WHAT IS EXPECTED: Return all the data below as it stands, minus the pictures.

* * * * *

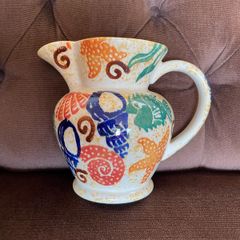 Moorland Pottery Rare Kate Malone Wall Mounted Sponge ware Jug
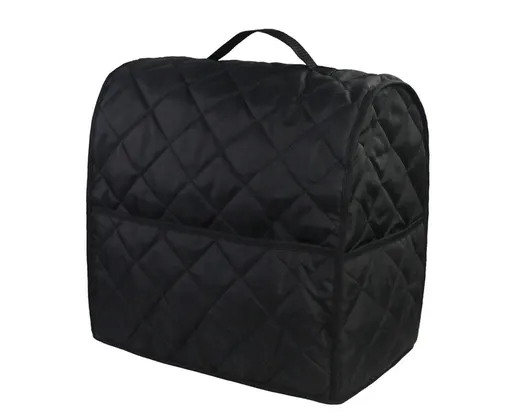 Mixer Cover Soft Touching with Pockets 5 Colors secure to Use Dust Cover for Kitchen-Black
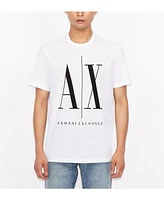 A|X Armani Exchange Men's Printed Icon Logo T-Shirt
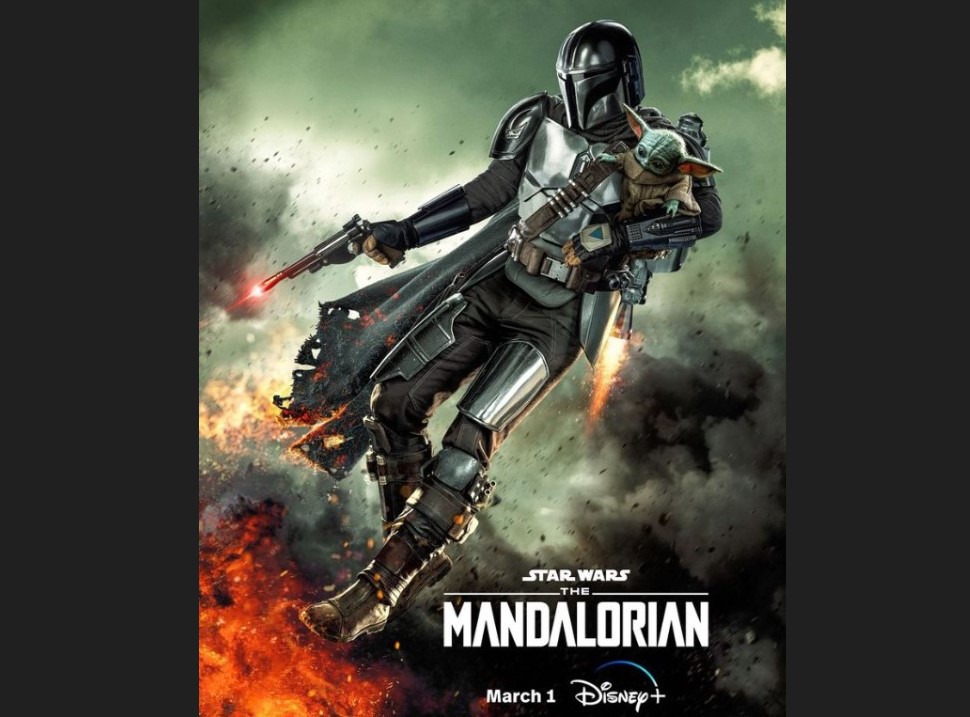 Poster serial The Mandalorian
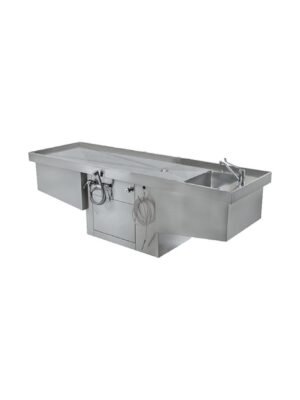 Mesa de autopsia fija Fiocchetti Mod. B visto de frente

* * * * *

TASK SOLUTION:
 Moorland Pottery Rare Kate Malone Wall Mounted Sponge ware Jug
 Mixer Cover Soft Touching with Pockets 5 Colors secure to Use Dust Cover for Kitchen-Black
 A|X Armani Exchange Men's Printed Icon Logo T-Shirt
 Poster serial The Mandalorian
 Mesa de autopsia fija Fiocchetti Mod. B visto de frente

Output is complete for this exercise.